When I read this quote from this ancient Stoic, I was reminded about how much emotion, time and effort is spent by jobseekers on matters they cannot control. I constantly help jobseekers through the emotional difficulties of dealing with things they can’t control, worrying about and wringing their hands over things that are totally beyond their influence.
It’s important to remind jobseekers what they can control and ask them to focus on these issues rather than worrying about things that are beyond them. Here’s a primer:
- Attitude… This is probably the most important issue a job seeker can control. The first step in developing a positive attitude is to be aware that it is the first thing one can control. For every one positive thing that happens in a job search, there are going to be 14 negative things. That’s just a plain fact! Constantly reinforcing a positive attitude with prayer, spiritual reinforcement, motivational reading and being around positive people makes a phenomenal difference.
- Activity to get interviews… Probably the biggest frustration with most job seekers who are seeking a job full-time is the frustration of not being able to get interviews. They feel like if they can get the interview, they can perform well on it. It is getting the interview that is the major difficulty. If people relegate themselves to simply sending resumes to job postings, their probability of getting an interview is ridiculously slim. People have to develop a systematic approach to contacting all kinds of people in order to get interviews. (I discuss this in detail, www.jobsearchsolution.com)

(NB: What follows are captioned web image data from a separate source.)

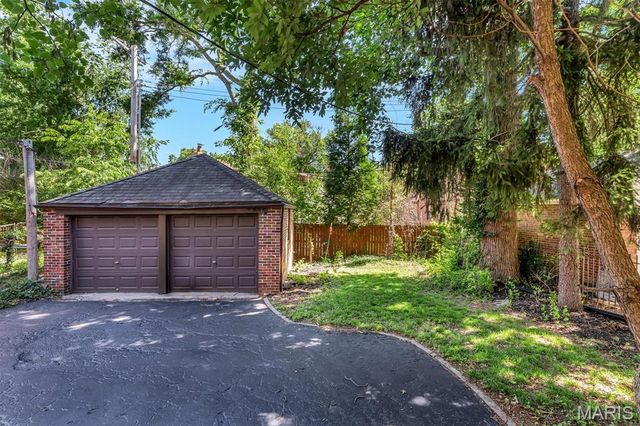 7312 Ravinia Drive, St Louis, MO 63121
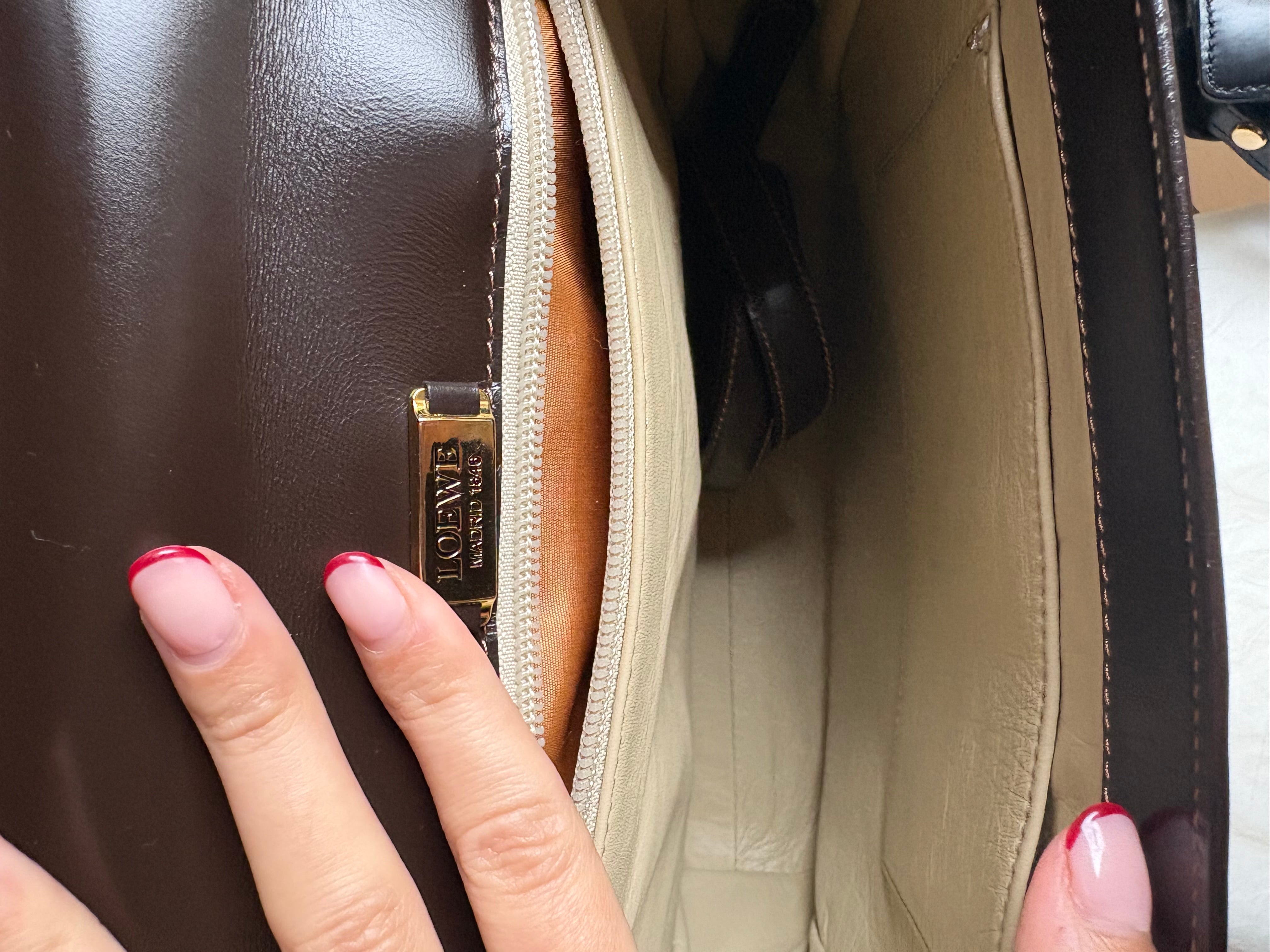 Bolso vintage Loewe de piel marrón oscuro con asa rígida y bandolera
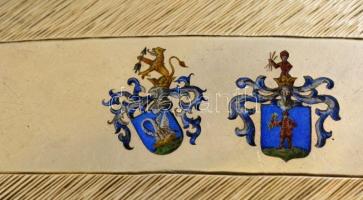 Ezüst(Ag) címeres cigarettatárca, jelzett, 7,5x8,5 cm, bruttó: 126,5 g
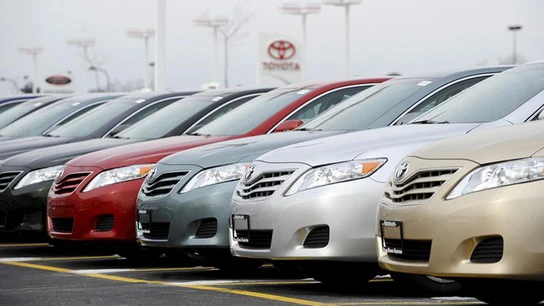 Vehículos en un concesionario Vehículos en un concesionario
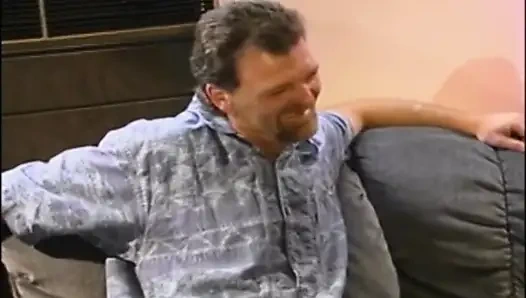 Koca ateşli karısını paylaşıyor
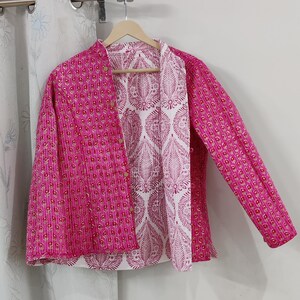 Chaqueta reversible acolchada de algodón para mujer, chaqueta india abierta por delante, chaqueta acolchada vintage hecha a mano, abrigos, estilo nuevo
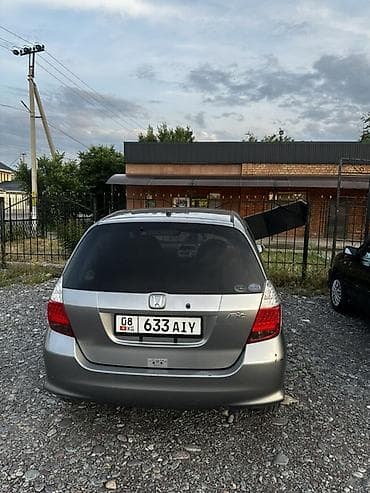 Honda Fit: 2005 г., 1.3 л, Автомат, Бензин, Хэтчбэк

- Taking any interview they can get… Many candidates eliminate the opportunity to get an interview based on what they hear or think about the company or particular job. “I’ll talk to anybody that will listen,” has to be the mantra.
- Massive action… Treating a job search like it was a job. There’s no such thing as a “passive” job search.
- Interviewing well… Most job seekers focus on what they “want” in a job rather than what they can do “for” a prospective employer. They say stupid things and forget to put themselves in the shoes of the employer. They forget to “sell” themselves
- They don’t ask for the job… I’m continually amazed when I asked candidates, “Did you ask for the job?” That they say something like, “Well, kind of… I asked what was the next step?” That is not asking for the job.
- Lousy negotiations… Those candidates operate out of fear of loss rather than vision and again, they don’t adopt the attitude that “We’re all in this together… How can we work it out?”
As Epictetus finishes his quote, “Where then do I look for good and evil? Not to uncontrollable externals, but within myself to the choices that are my own.”